*** Opening of COLLECTED DATA ***
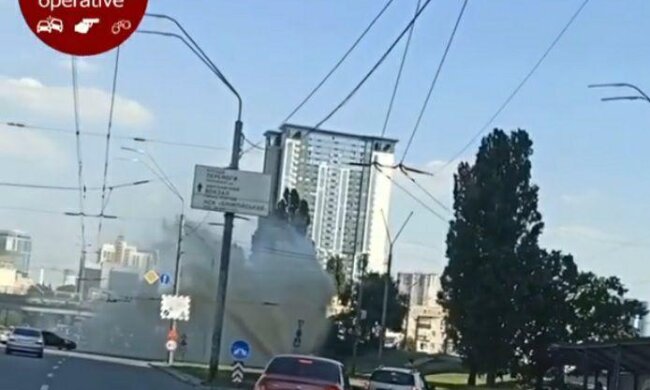 На проспекті Перемоги прорвало трубу: з-під землі б'є фонтан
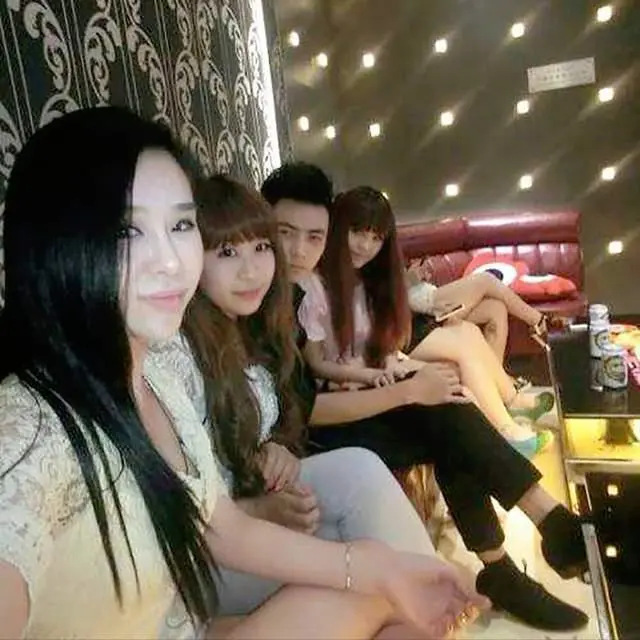 河北邯郸永利KTV聊天记录发生了什么事情？4男6女可真的会玩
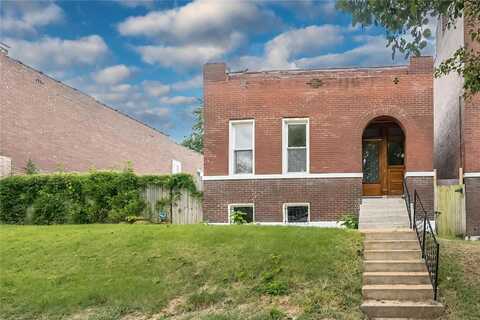 3220 Itaska Street, Saint Louis, MO 63111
*** Close of COLLECTED DATA ***
— TASK TO COMPLETE —
From the first line to the last, write out the data exactly, omitting any pictures.

— TASK RESPONSE —
 На проспекті Перемоги прорвало трубу: з-під землі б'є фонтан
 河北邯郸永利KTV聊天记录发生了什么事情？4男6女可真的会玩
 3220 Itaska Street, Saint Louis, MO 63111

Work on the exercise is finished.